WHAT YOU ARE ASKED TO DO = Below this line is a set of entries; quote exactly the lines from the line that contains "LENÇO UMEDECIDO JOHNSON'S" to the line that contains "Presentation with office", both lines included.

[DATA EXTRACTS]

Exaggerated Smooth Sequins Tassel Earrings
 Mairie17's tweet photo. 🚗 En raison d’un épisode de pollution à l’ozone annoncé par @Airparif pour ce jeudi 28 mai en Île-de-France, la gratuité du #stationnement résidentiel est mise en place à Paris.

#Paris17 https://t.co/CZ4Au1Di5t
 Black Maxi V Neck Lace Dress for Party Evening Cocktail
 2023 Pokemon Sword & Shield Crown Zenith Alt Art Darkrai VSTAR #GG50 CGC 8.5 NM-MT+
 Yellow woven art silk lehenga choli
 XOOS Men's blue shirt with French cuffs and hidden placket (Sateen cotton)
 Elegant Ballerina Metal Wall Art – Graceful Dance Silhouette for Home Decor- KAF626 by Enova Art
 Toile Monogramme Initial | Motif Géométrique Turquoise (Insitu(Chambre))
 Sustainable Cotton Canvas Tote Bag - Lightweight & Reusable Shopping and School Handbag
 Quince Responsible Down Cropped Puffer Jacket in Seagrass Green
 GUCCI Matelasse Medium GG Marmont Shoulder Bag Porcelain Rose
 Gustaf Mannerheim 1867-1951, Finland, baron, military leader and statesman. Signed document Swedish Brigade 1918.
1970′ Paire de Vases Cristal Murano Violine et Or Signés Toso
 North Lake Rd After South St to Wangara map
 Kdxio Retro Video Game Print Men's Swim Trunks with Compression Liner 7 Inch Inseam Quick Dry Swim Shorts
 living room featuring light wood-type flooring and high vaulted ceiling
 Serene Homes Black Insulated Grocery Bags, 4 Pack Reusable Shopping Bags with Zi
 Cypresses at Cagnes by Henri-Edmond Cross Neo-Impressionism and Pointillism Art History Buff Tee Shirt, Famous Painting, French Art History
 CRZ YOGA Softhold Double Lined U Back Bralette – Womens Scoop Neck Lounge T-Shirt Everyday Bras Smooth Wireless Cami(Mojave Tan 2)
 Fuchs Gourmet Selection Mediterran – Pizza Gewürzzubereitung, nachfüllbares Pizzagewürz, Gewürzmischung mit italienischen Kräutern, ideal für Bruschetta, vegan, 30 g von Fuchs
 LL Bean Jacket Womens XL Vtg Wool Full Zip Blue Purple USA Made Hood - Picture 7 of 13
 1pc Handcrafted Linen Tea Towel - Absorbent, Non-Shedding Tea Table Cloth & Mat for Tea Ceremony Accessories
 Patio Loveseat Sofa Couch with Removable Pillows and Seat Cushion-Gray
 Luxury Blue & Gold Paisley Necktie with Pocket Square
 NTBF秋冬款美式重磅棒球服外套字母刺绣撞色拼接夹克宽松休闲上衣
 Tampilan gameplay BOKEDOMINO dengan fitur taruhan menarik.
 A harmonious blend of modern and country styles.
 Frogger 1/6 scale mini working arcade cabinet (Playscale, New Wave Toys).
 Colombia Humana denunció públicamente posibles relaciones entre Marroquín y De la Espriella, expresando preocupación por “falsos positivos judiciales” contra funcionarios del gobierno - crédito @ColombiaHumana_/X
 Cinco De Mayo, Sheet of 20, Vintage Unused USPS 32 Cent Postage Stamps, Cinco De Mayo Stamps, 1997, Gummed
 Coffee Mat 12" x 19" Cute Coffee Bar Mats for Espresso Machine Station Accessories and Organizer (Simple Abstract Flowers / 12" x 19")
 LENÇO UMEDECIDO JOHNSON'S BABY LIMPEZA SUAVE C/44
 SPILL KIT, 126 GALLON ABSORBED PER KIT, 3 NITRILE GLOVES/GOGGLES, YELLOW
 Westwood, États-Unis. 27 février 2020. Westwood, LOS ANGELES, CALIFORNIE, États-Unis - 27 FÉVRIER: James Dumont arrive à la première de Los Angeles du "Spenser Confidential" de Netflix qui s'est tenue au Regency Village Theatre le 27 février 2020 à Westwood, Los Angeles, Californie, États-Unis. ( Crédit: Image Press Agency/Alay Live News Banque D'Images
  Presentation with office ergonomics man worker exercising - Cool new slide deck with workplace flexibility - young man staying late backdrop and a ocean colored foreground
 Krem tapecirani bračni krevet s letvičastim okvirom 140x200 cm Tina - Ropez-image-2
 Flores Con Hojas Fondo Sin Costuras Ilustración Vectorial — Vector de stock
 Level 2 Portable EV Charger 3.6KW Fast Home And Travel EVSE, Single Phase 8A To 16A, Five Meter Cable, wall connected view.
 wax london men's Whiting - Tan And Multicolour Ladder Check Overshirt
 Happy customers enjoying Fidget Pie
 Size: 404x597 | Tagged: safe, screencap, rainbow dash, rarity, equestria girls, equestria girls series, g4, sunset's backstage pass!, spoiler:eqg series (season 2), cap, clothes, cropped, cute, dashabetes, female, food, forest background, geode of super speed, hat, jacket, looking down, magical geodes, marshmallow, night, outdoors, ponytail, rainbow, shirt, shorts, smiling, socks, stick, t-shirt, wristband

[/DATA EXTRACTS]

EXERCISE RESULT =
 LENÇO UMEDECIDO JOHNSON'S BABY LIMPEZA SUAVE C/44
 SPILL KIT, 126 GALLON ABSORBED PER KIT, 3 NITRILE GLOVES/GOGGLES, YELLOW
 Westwood, États-Unis. 27 février 2020. Westwood, LOS ANGELES, CALIFORNIE, États-Unis - 27 FÉVRIER: James Dumont arrive à la première de Los Angeles du "Spenser Confidential" de Netflix qui s'est tenue au Regency Village Theatre le 27 février 2020 à Westwood, Los Angeles, Californie, États-Unis. ( Crédit: Image Press Agency/Alay Live News Banque D'Images
  Presentation with office ergonomics man worker exercising - Cool new slide deck with workplace flexibility - young man staying late backdrop and a ocean colored foreground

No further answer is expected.